Tarihsel olarak dinin, bin yıllık bir etki alanına sahip olmasının nedeni, insanlığın Ortaçağ’da, hiçbir bilimsel ve teknik gelişme deneyiminin olmamasıdır. Oysa bugün bilim, insanın ilahi yaradılışın bir ürünü olmadığını, tersine primatların evriminin sonucu olduğunu göstermiştir. Ne de yaşamın herhangi bir tanrı tarafından yaratılmadığını: bilimin kanıtladığı gibi organik yaşam, inorganik maddenin bir vasfı oldu, oluyor ve olacak. Dinin son kaleleri şimdi, evrenin hayali bir yaratımına tutunuyor. Bilim er ya da geç maddenin, ne başlangıç ne de bitiş sınırları olmadığını, zamanda olduğu kadar evrende de sonsuz olduğunu ispat edecektir.
Doğal çevre
İkinci kriter, tarihin gelişimini, doğal coğrafi ortam temelinde açıklar. Marksizm’in bakış açısından coğrafi çevre (iklim, toprak, madenler…) toplumun evrimini harekete geçiren etkenlerden biridir ama belirleyici değildir.

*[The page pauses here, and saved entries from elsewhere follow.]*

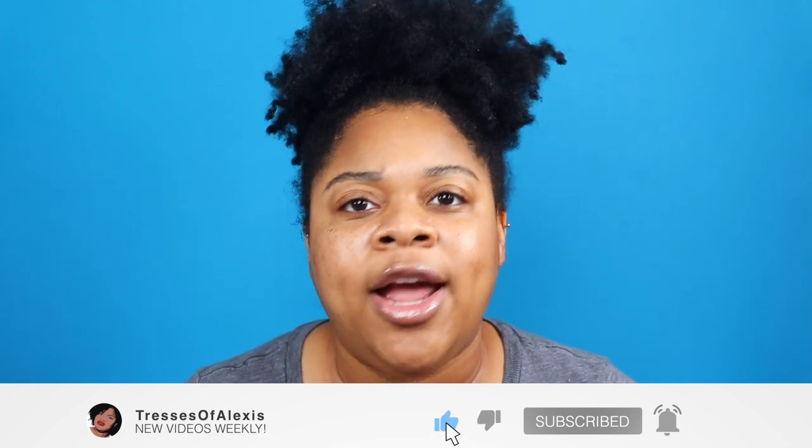Obviously, as you can see, it is time for another wash day. But before we get into today's wash day, please make sure that you are subscribed and be sure to hit that notification bell so you are notified every single time I upload a video. And if you enjoy the video, I greatly appreciate if you gave me a thumbs up because it really does help my channel — thank you so much.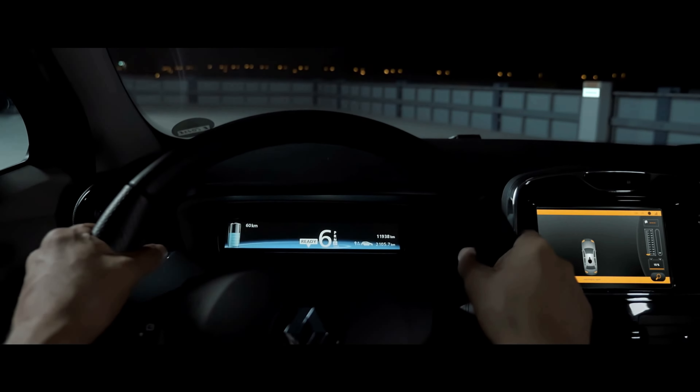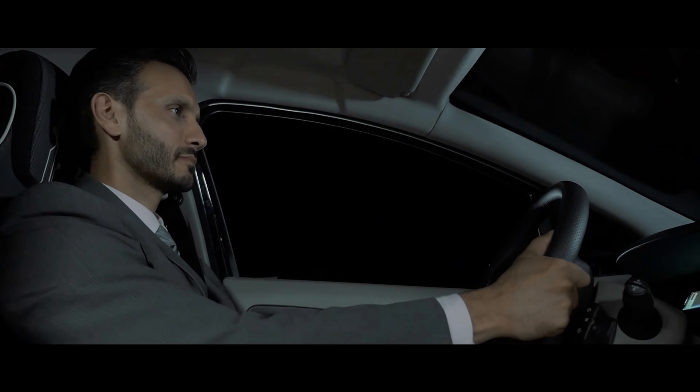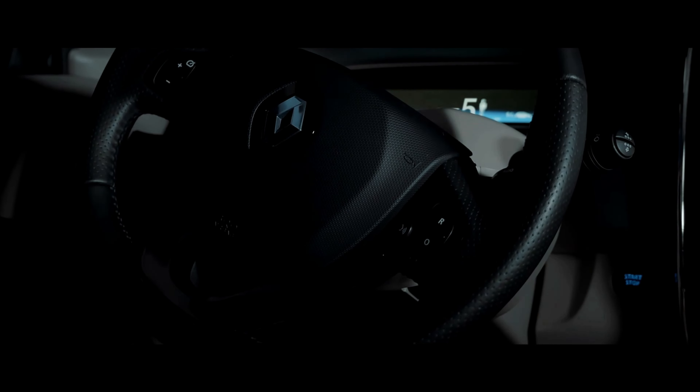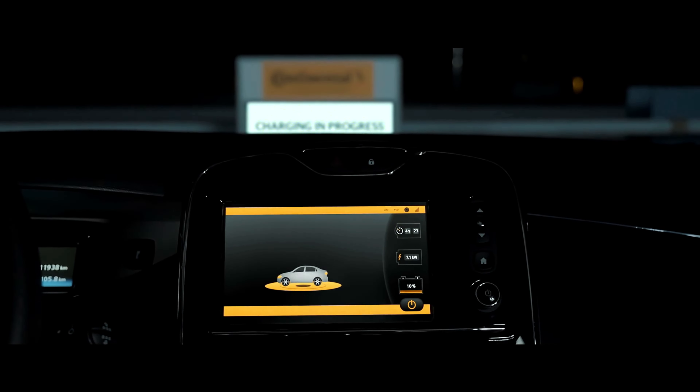According to engineers, their project is based on inductive charging technology to make charging more practical and user-friendly. With the aid of a location system that clearly displays the automobile's position, with a charging power of 11 kilowatts each minute, all the driver has to do is cautiously park the automobile on a particular platform.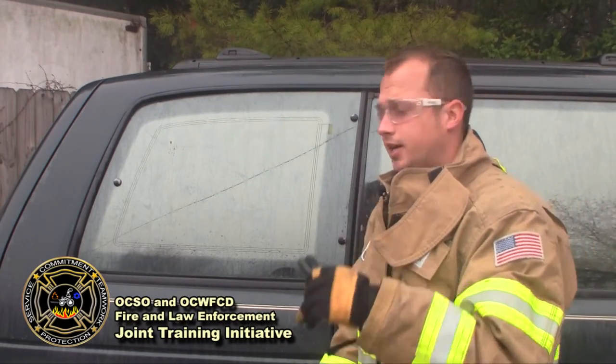With me today to help demonstrate how this device works is firefighter Matt Wint, also with the Ocean City Wright Fire Control District. Matt, why don't you go ahead and show us how this works. For this demonstration today, I will be wearing personal protective equipment. We recommend that you follow your agency's safety protocols, but ultimately this device can be used with very minimal risk. To use the rescue window punch, simply place the device firmly against the window and press until you hear a click and the window breaks.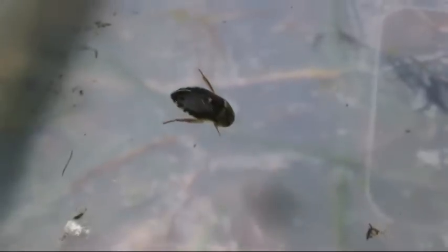Creeping water bugs are hemipterans, which are oval in shape and somewhat flattened. The single prominent claw on their forelegs is used for hunting their prey.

Gerçekten, Avrupa’da, son 2000 yıl içinde coğrafi koşullar değişti ve üç farklı sosyal sistemle karşılaşıldı. Doğal faktörlerin önemli olduğu açık ama olayları açıklamak için yeterli bir etmen değildir.
Başka araştırmacılar da bireysel birtakım yaklaşımlarda bulundular. Yani, devlet adamları, krallar, askerler gibi benzeri seçkin kişiliklerin istemleriyle, tarihin gidişatını yorumladılar. Biz Marksistler, bireyin tarihteki rolünü kesinlikle küçümsemeyiz ama bunu temel bir faktör gibi de görmeyiz. Tek bir şahıs, bazen, önemli bir rol oynayabilir. Özellikle, yükselen sınıfın çıkarlarını politik olarak ifade edebilirse, ancak genel olarak kişiler, yalnızca bir olayın gelişini geciktirebilirler ya da hızlandırabilirler. Ama hiçbir durumda, tarihin gidişatını değiştiremezler.
İdealizm
İdealist kriter, itici gücün ardında fikirlerin olduğunu gösterir. Ama hangi fikirler? Acaba insanların fikirleri mi? Öyle ya da böyle, insanları düşündüren şey nedir?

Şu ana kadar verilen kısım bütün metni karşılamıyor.